7Die Klägerin beantragte schriftlich (sinngemäß),
8unter Aufhebung des Ablehnungsbescheides der Familienkasse vom 21.08.2007 und der Einspruchsentscheidung vom 06.09.2007 die Familienkasse zu verpflichten, ihr - der Klägerin - für ihre Kinder B. (geb. am xx.yy.zzz1) und F. (geb. am xx.yy.zzz2) beginnend ab August 2007 Kindergeld in der jeweils gesetzlichen Höhe zu zahlen;
9hilfsweise - für den Fall des Unterliegens - die Revision zuzulassen.
10Die Familienkasse beantragte schriftlich,
11die Klage abzuweisen.
12Die Familienkasse verweist zur Begründung ihres Klageabweisungsantrags auf ihre bislang im Verwaltungs- und Einspruchsverfahren vertretene Rechtsauffassung.
13Wegen der weiteren Einzelheiten wird verwiesen auf die Schriftsätze der Beteiligten, die Einspruchsentscheidung vom 06.09.2007 sowie die vorgelegte Kindergeldakte.
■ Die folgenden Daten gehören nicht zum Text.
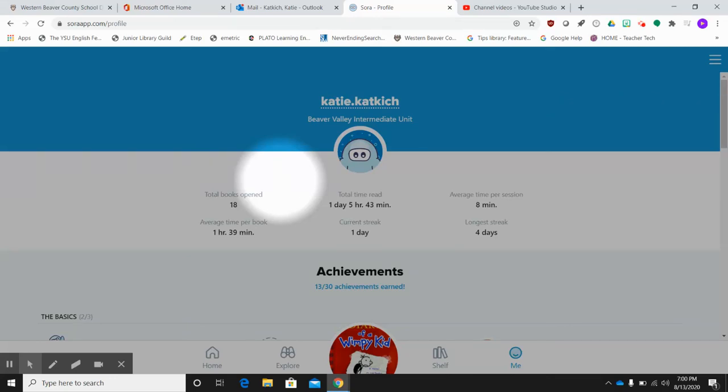Hi, and welcome back. In this tutorial, we're going to continue our conversation about achievements and the badging system from where we left off in the last part three video that we shared.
14Der Berichterstatter hat nach vorheriger Anhörung der Beteiligten das Verfahren mit Beschluss vom 14.04.2008 im Hinblick auf die seinerzeit beim Bundesverfassungsgericht (BVerfG) anhängigen Verfahren 2 BvL 3/07 und 2 BvL 4/07 ausgesetzt (§ 74 Finanzgerichtsordnung - FGO -). Mit weiterem Beschluss vom 26.01.2010 hat der Berichterstatter das Verfahren wieder aufgenommen. Wegen der Einzelheiten wird auf vorgenannte Beschlüsse Bezug genommen.
15Die Beteiligten haben sich mit einer Entscheidung ohne mündliche Verhandlung einverstanden erklärt.
16Entscheidungsgründe:
17Die Klage, über die der Senat mit Einverständnis der Beteiligten ohne mündliche Verhandlung entscheiden konnte (§ 90 Abs. 2 FGO), ist unbegründet.
18Der Ablehnungsbescheid vom 21.08.2007 und die hierzu ergangene Einspruchsentscheidung vom 06.09.2007 sind rechtmäßig und verletzen die Klägerin nicht in ihren Rechten (§ 101 Satz 1 FGO).
19Die Klägerin hat keinen Anspruch auf Gewährung von Kindergeld für ihre in den Jahren zzz1 und zzz2 geborenen Kinder B. und F..
20Die Klägerin erfüllt nicht die persönlichen Anforderungen, die in § 62 Abs. 2 EStG in der Fassung von Artikel 2 des Gesetzes zur Anspruchsberechtigung von Ausländern wegen Kindergeld, Erziehungsgeld und Unterhaltsvorschuss vom 13.12.2006 (BGBl I 2006, 2915) vorausgesetzt sind und gemäß § 52 Abs. 61 a Satz 2 EStG in allen noch nicht bestandskräftig festgesetzten Kindergeldfällen anzuwenden sind.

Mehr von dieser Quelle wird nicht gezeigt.